The new sectioning elements in HTML5 have some overlap with ARIA landmark roles, but in a majority of of cases there is no equivalent for the ARIA landmark roles in HTML5. It is suggested that where there is a similarity the ARIA roles can be used to provide semantic identification that has a practical use now, for example if you want to use the HTML5
nav element, add
role="navigation" to it, so supporting Assistive Technology (AT) can convey the semantic information to users. When HTML5 elements such as nav are supported by AT, you can then remove the role as it will no longer be required.
Current support for WAI-ARIA is shaping up with all browsers working on it as well as the main screen reader vendors.
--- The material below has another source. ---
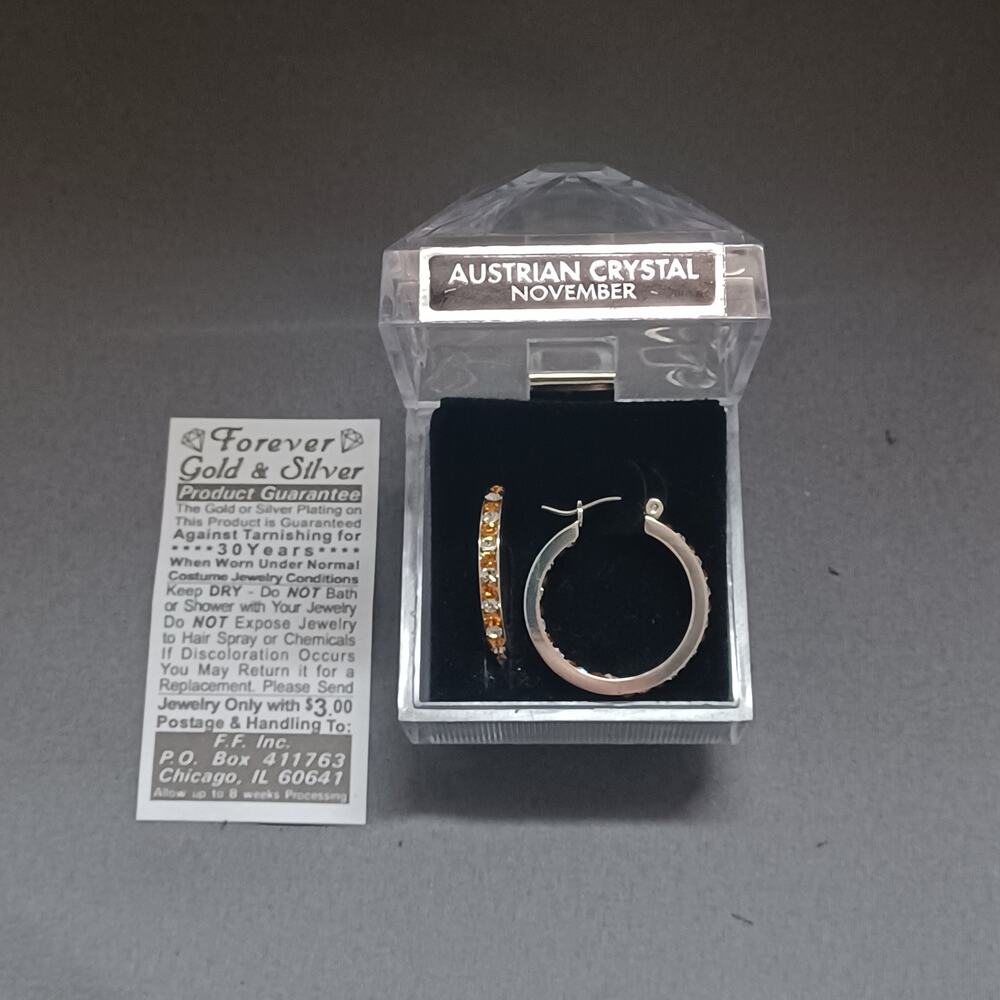 "Forever Gold & Silver" November Birthstone Austrian Crystal Hoop Earrings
The specification is also likely to be completed 2009 and is becoming more and more mainstream.
Browsers are getting better and better at helping users access content. The Web Accessibility Initiative publishes guidance not just for content in the form of Web Content Accessibility Guidelines (WCAG) but also user agent developers in the from of the User Agent Accessibility Guidelines (UAAG). The relationship between UAAG and WCAG means that browser should offer options to help users navigate around the page via the browser and not just the content.
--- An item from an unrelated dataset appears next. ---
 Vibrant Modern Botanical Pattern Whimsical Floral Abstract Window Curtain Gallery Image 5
Opera – where I work – provide spatial navigation and single key shortcuts. Spatial navigation allows you to use your Shift + arrow keys to go up, down, left or right within a page which gives much more flexibility than tabbing in a page in a linear fashion which is the main barrier that skip links address. Single key shortcuts allow you to jump between headings, links, page elements as well as customise your shortcuts. Again allowing the user quick access to content areas within a page.
Opera Mobile and Mini also offer spatial navigation to make browsing easier. This is a huge improvement on the WAP style pages where you’re forced to navigate through the page linearly. In addition to this every numeric key (0-9) has a pre-programmed function that you can customise. Within this context skip links seem less necessary however they do still have a huge benefit on WAP style pages.
Knowing enhancements such as spatial navigation and single key shortcuts are available in desktop and mobile browsers decreases the need for skip links however this does assume that all users know how to use their browser and many do not. While that is not your problem as a developer it equally can’t be ignored and I don’t think can be considered a full alternative just yet.
That aside it would be interesting to review the browsers and versions that you support and see what the baseline of navigational aids there are in the browsers and assess whether skip links are indeed necessary.
So is that it for skip links?
No, not yet. If you have skip links there’s no reason to remove them. Adding enhancements are never a bad thing and skip links are unobtrusive when implemented properly. It is however worth reviewing your content to ensure you have a logical document structure that can be read by access technology: good headings, lists, well worded links and so on. My personal take is that on a simple site such as this blog this is sufficient, on a more complex site you still may want to implement skip links. Opinion however, will always be divided so you need to think what suits your site best.
Adding in WAI-ARIA landmark roles and HTML5 can do no harm at this point but can’t be relied on in full. Apart from anything else – browser and access technology support – there is a learning curve with any new technology on the web that the user has to go through. We can’t assume that screen reader users will immediately be familiar with the benefits that HTML5 and WAI-ARIA bring, as with navigating Flash when it became more accessible users had to become comfortable with it.
So has the skip link passed it’s best before date? No. Does it have a shelf life? Yes, I think it does. Keep your document structure logical and gradually implement WAI-ARIA and HTML5 and you may just find skip links become redundant.